'We're heading into the unknown': Burial homes brace for Covid-19 'tsunami'
Industry expects peak in two weeks
Sonja Smith got out of her sick bed on Friday morning and began her day by signing a pile of death certificates to be collected by a hearse, which would drop off another pile.
As the MD of the Sonja Smith Funeral Group - a franchise with 10 branches across Gauteng - she is recovering from Covid-19 while trying to keep her business together.
"I have been doing this for 23 years and have never seen anything like it. And there is going to be a tsunami in two weeks," she said. She signed 231 death certificates in June, more than three times the pre-pandemic average.
The latest South African Medical Research Council (SAMRC) report detailing excess deaths shows that in the week ending June 26 they were 136% higher than the level indicated by historical data.

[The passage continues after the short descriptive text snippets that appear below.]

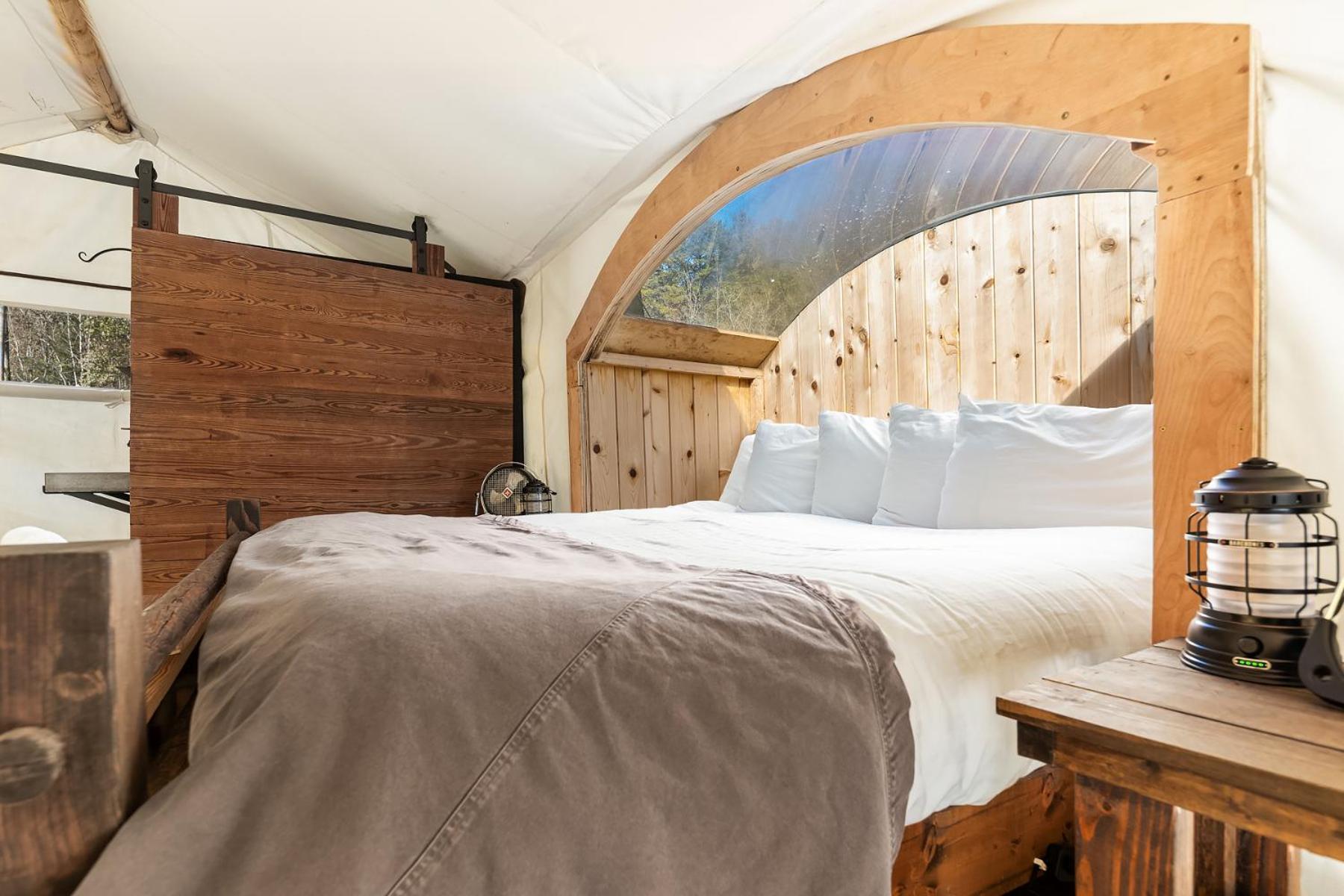 Stargazer Tent with Private Bathroom photo 3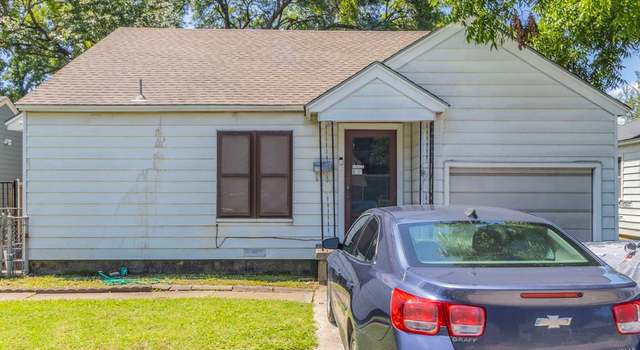 Photo of 1213 Pine St, Grand Prairie, TX 75050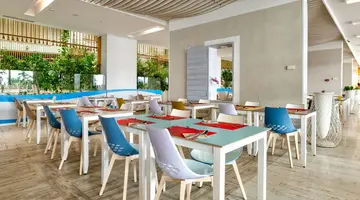 Carine Hotel Park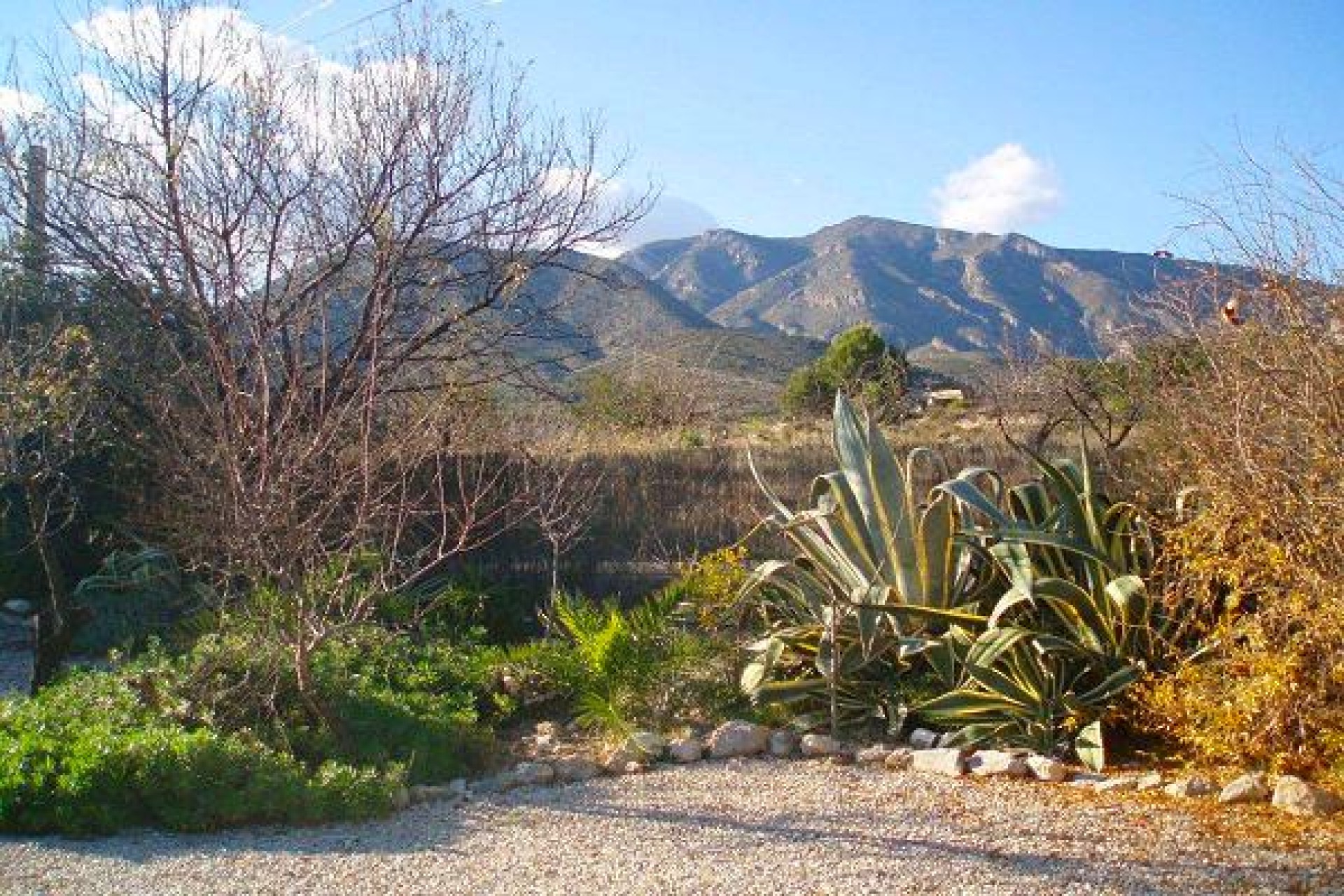 Zu verkaufen - Finca / Landgut -
Aigues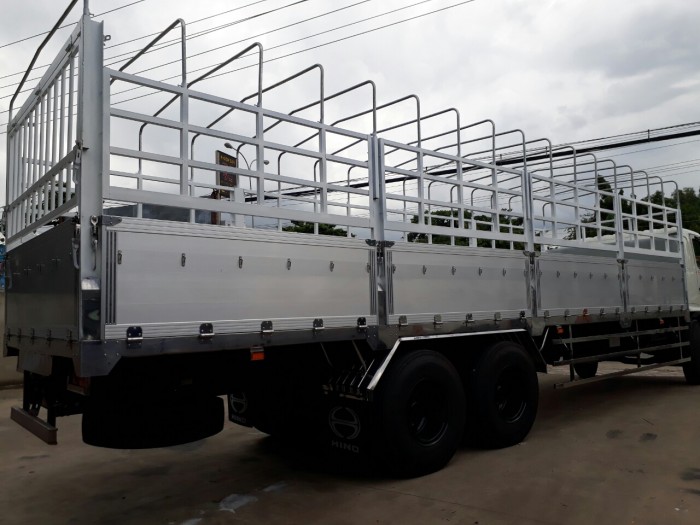 Hino Fl Dài 7,7 M. Giao Xe Trong Vòng 10 Ngày.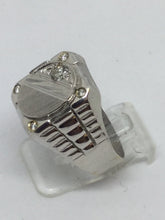 Charger l&#39;image dans la galerie, 18ct Unisex White Gold Diamond Ring
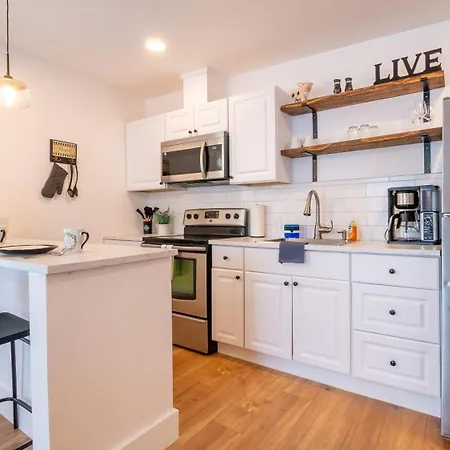Pet-Free Studio Rental On 2Nd Floor With Parking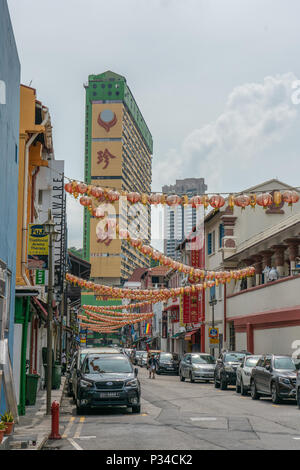 Singapur - Juni 10, 2018: Straße in Chinatown mit Völkern Park im Hintergrund Komplexe Stockfoto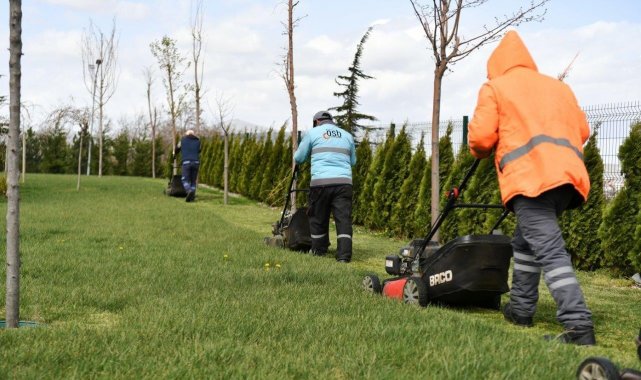 Kayseri OSB Şehitler Parkı&#039;ndaki çağlayanları temizledi, su verdi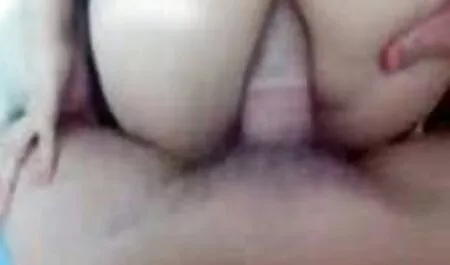 La nonna troia Sara donne mature italiane nude Skippers rimbalza sul cazzo duro di un uomo magro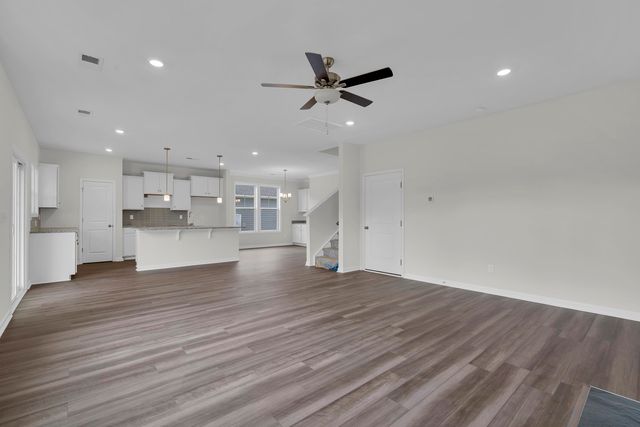 176 Hunter Ridge Drive, Boiling Springs, SC 29316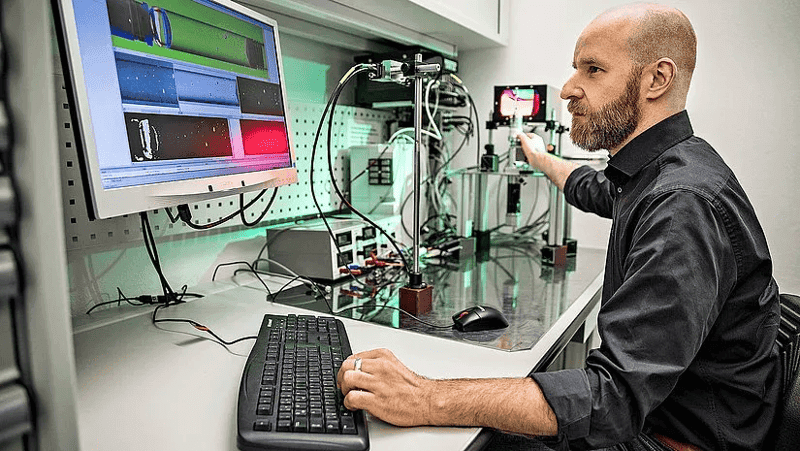 Werner Halbinger bei der Nutzung der Bubble-X-Technologie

By Thursday, the province continued to be the epicentre of the third wave with 12,806 new infections in a day. The funeral industry is preparing for the worst.
Huge preparations were made in Gauteng ahead of the second wave, only for the province to escape relatively unscathed as KwaZulu-Natal and the Western Cape were worst hit.
"This time is different. We are heading into the unknown," said Jodene Smith, funeral services MD for Doves.
"The number of deaths we are handling is increasing by 20% a day. The mortalities are younger people, and we're seeing cluster deaths," she said.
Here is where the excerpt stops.